Quadruped Robot

I agree, but for position control the motor cogging is also important.
I’d rather pick a motor with more poles and lower kV. That results in higher voltage, but lower current for the same torque-output. Which is a much healthier setup IMHO.

Does anyone know the cause of cogging? Of the several drone motors I tests, one was unusable with SimpleFOC. People here seggested all kinds of things I might try. But repalcing the motor fixed it. I think in general I’ve found that for simpleFOC, ‘more poles is better’ but you’d think 7 should be emough

I also notice that some moters have only one more magnet on the rotor then coils on the stator and some have two more magnets. what effect does this have?
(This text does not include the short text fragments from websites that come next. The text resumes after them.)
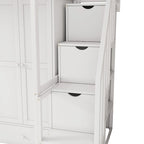 Twin size Loft Bed with Bookshelf,Drawers,Desk,and Wardrobe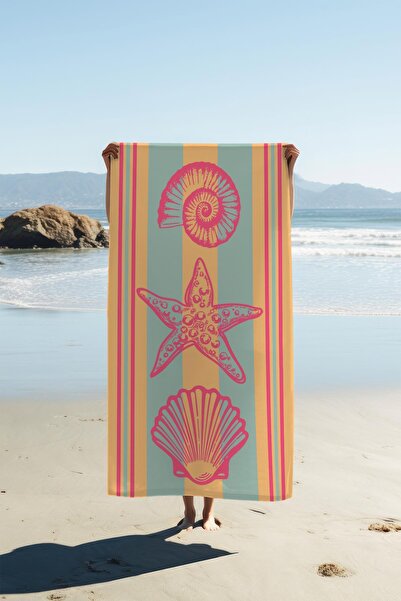 Dolce Mariee Digital Printing Beach Sea Towel Seashell Starfish Patterned Pes...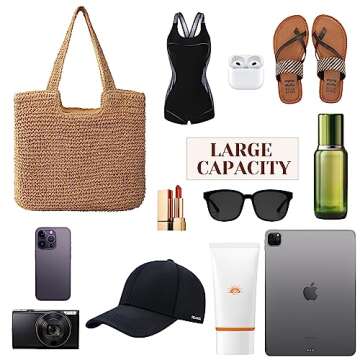 Trifabricy Beach Bag Tote - Straw Beach Bag for Women, Large Woven Capacity Beach Tote, Summer Handbag Shoulder Bag, Khaki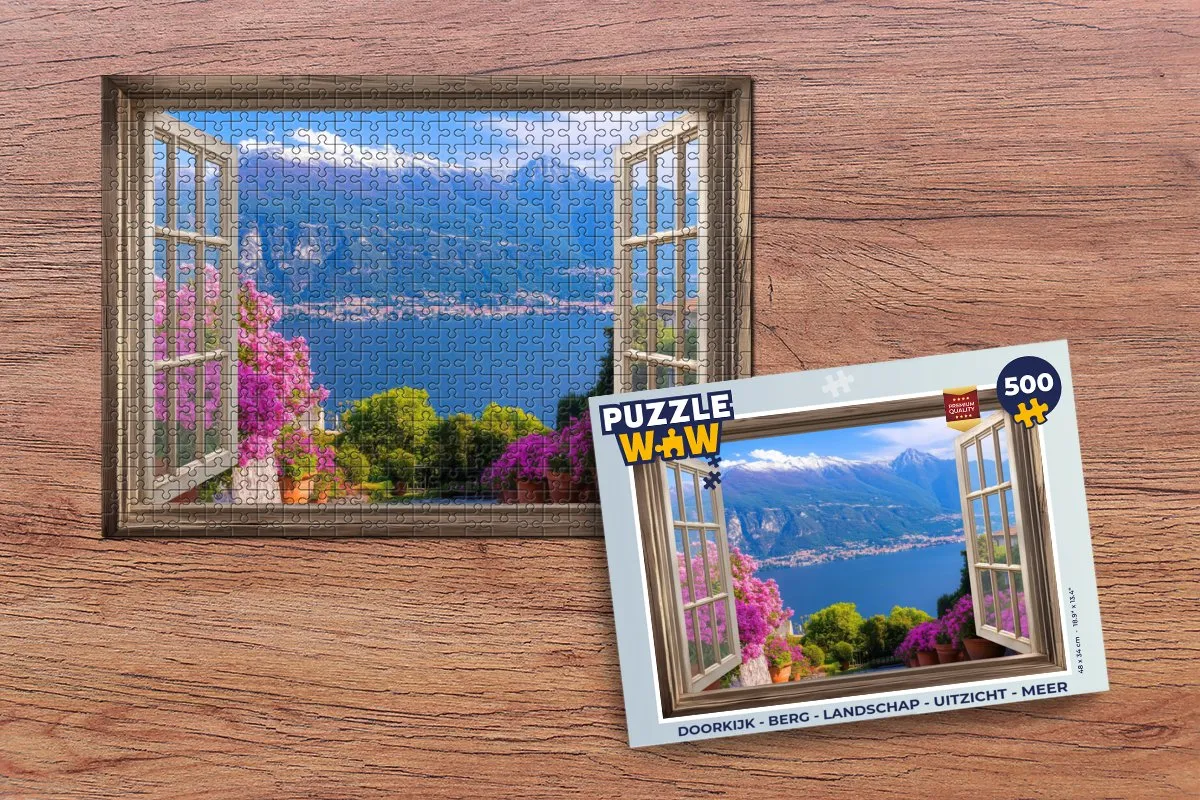 PuzzleWow Berglandschap Legpuzzel 500 Stuks - Blauw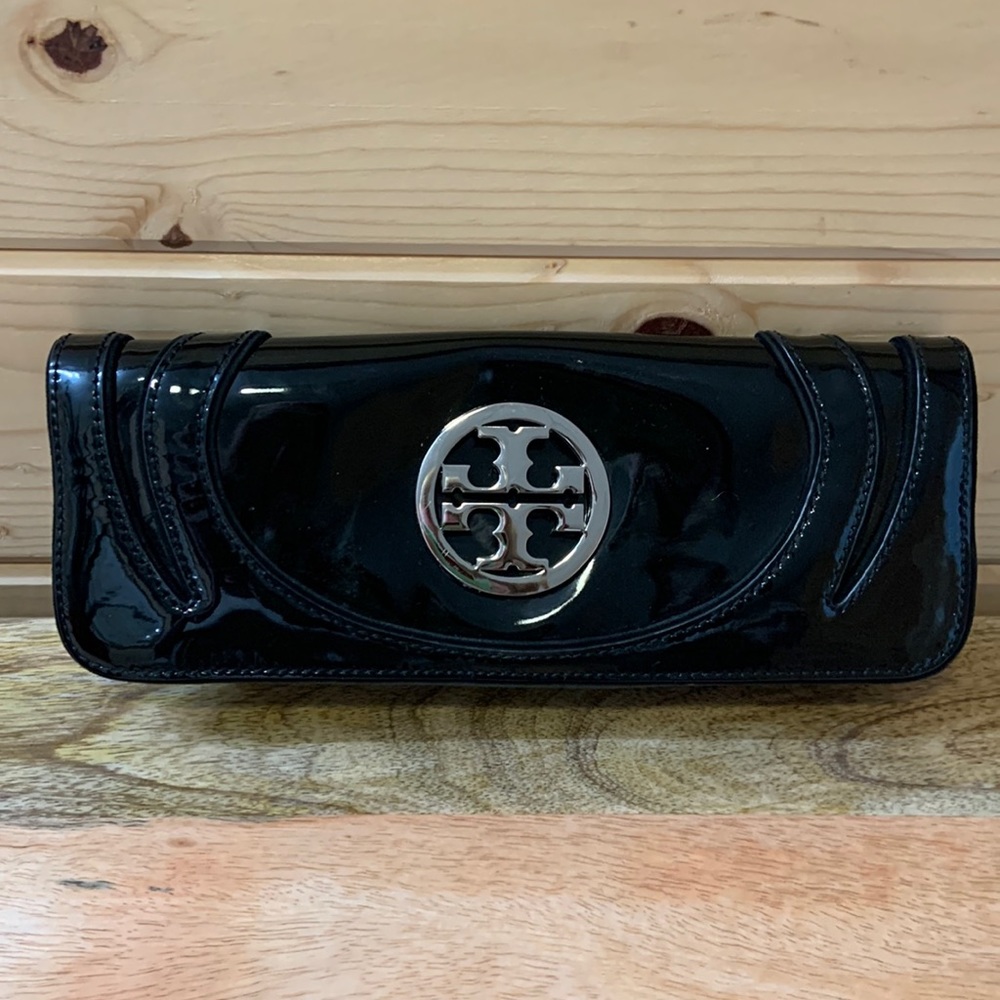 Tory Burch Black Patent Leather Clutch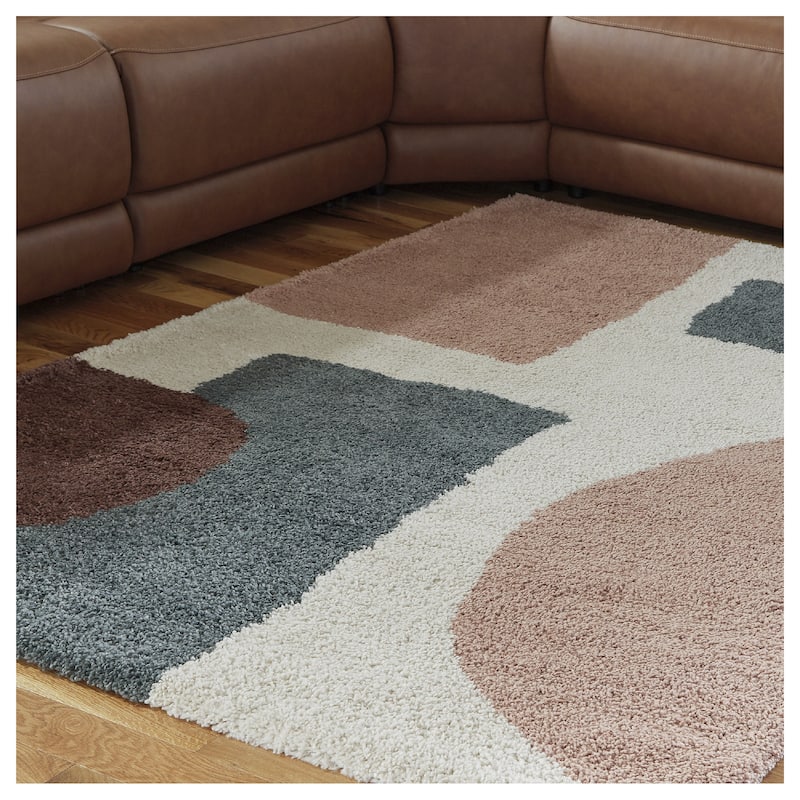 Signature Design by Ashley Flynnwick Pink/Beige 5' x 7' Rug - 63" W x 85" D x 1" H - 63" W x 85" D x 1" H - Rectangle - Pink/Beige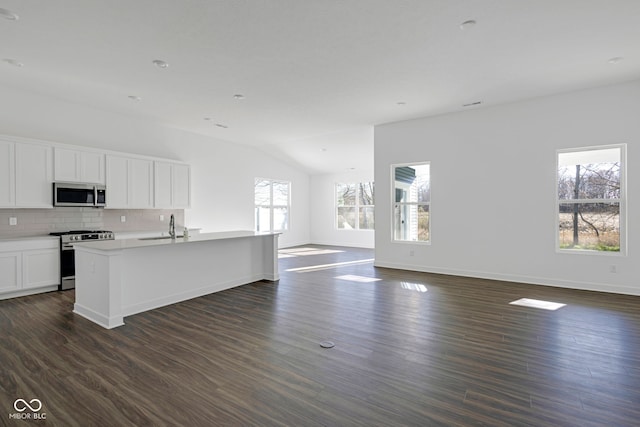 kitchen with white cabinetry, an island with sink, stainless steel appliances, and dark hardwood / wood-style floors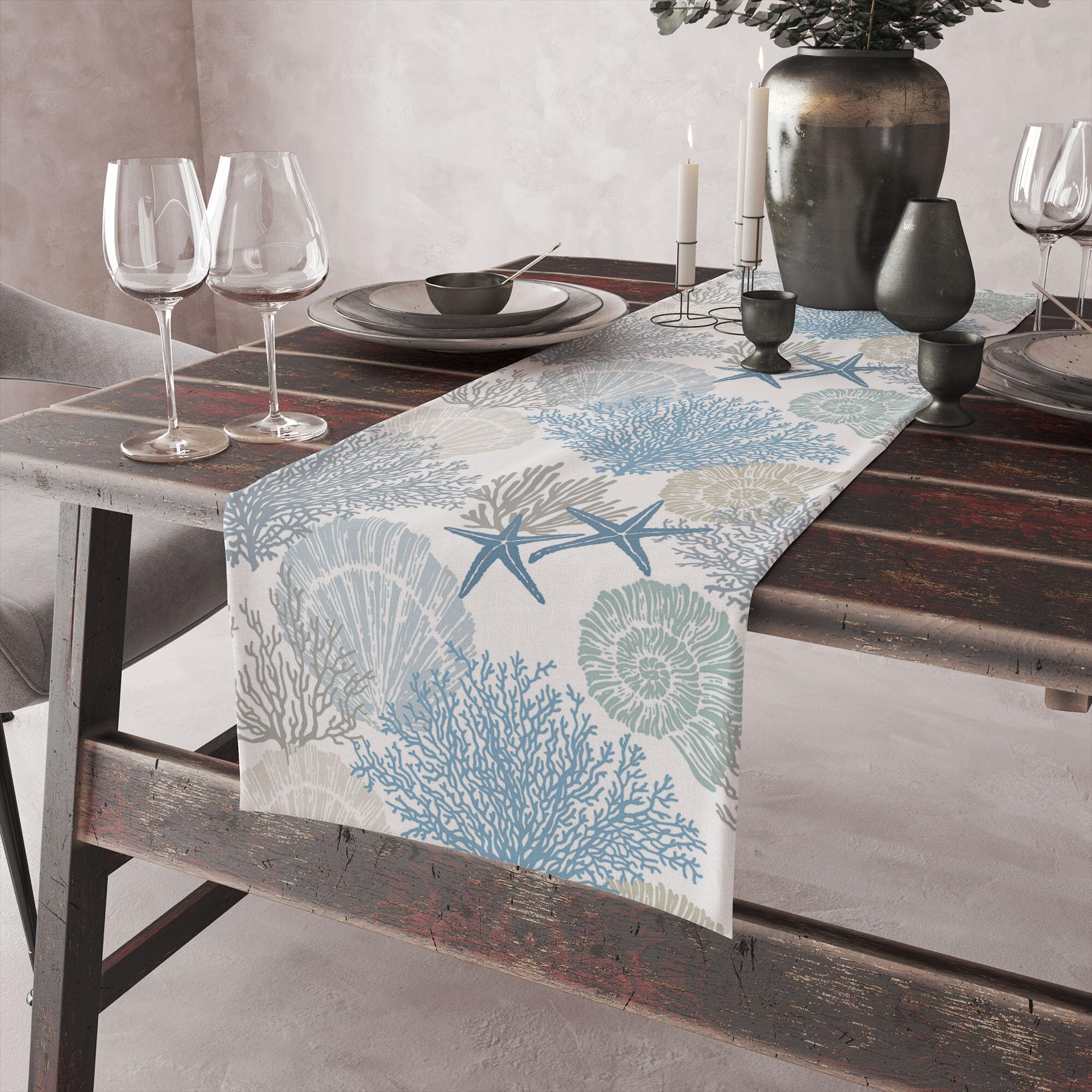 Coastal Beach Tablecloth,Sea Animals Starfish Summer Theme Nautical Sea Shells Satrfish Theam,Summer Ocean Home Decor for Table Dining Room Kitchen,Blue,13x108 inch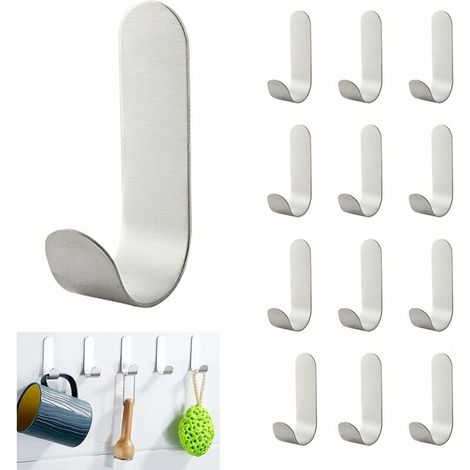 Crochet Adhesif Mural 12 Pièces, Accroche Serviette Salle de Bain En Inox, Sans Perçage Crochet Adhésif, Porte Serviette Auto-Adhesif Imperméable pour salle de bain la Cuisine le Salon et le Bureau (1/5)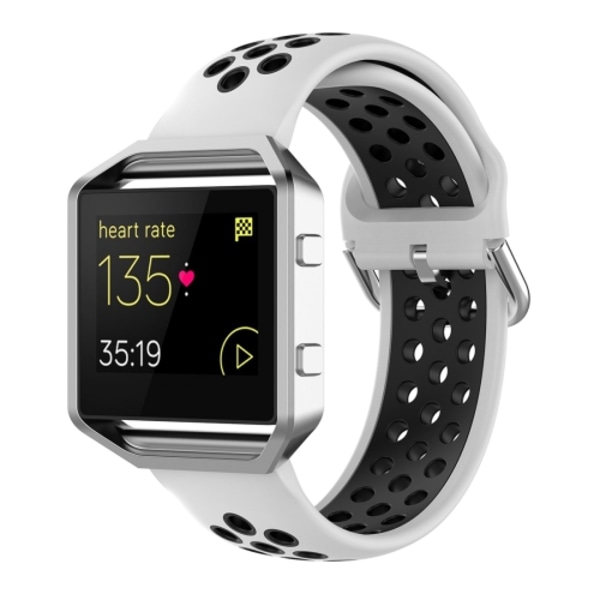 För Fitbit Versa 2 / Versa / Versa Lite / Blaze 23mm Sport Tvåfärgad Silikonersättning Rem Armband White Black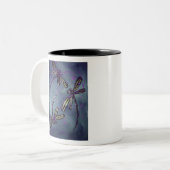 Tasse 2 Couleurs Feu nocturne violet de libellule (Devant gauche)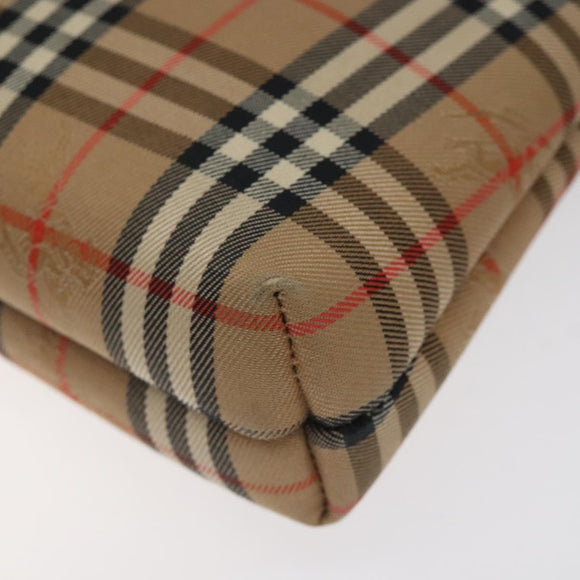 Burberrys Nova Check Pouch Canvas Beige Auth 124252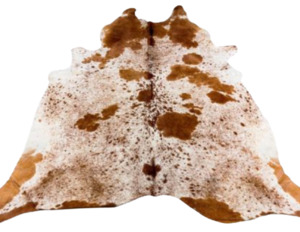 Cowhide Rug - Speckled Brown Spotted Italian Leather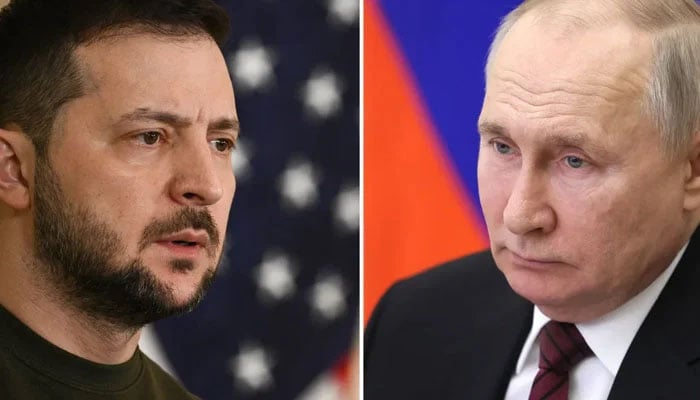 Ukraines President Volodymyr Zelensky (left) and Russian President Vladimir Putin. — AFP/File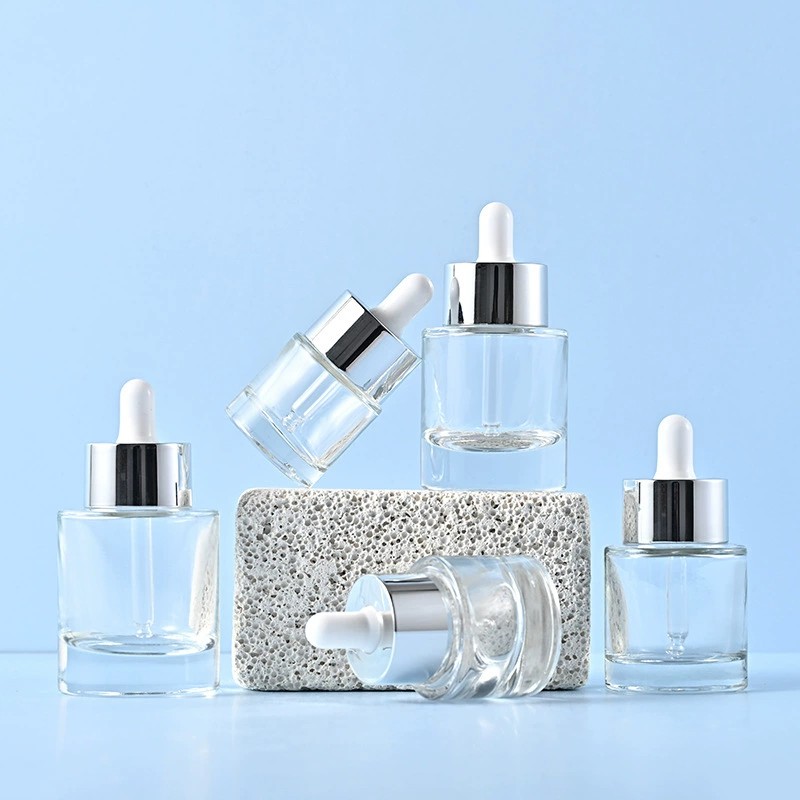 Clear Glass Dropper Bottles with Large Flat Lid 15ML 20ML 30ML 40ML 50ML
The cause of cogging is simply because the permanent magnets are attracted to the coils of the motor, there will be a place in the motors rotation where the motor prefers to be. This is why you can feel the cogging even when no power is being delivered to the motor.

If you think of the torque of the motor as having two components 1) this cogging force which is like a sine wave that repeats every pole pair and 2) the force caused by permanent magnets to electromagnet attraction which FOC algorithm attempts to keep constant.

To build a motor with low cogging is challenging and adds to cost e.g, increasing pole count and number of coils, reducing air gap, changing shape and arrangement of stator, coils, magnets. So if the application doesn’t need it, the simpler motor design is selected.

I think there is an element of buddhist acceptance that we need to do with cogging. It looks worse at low speed and no load, you have to ask yourself is it affecting what i need the motor to do under real world load and speeds.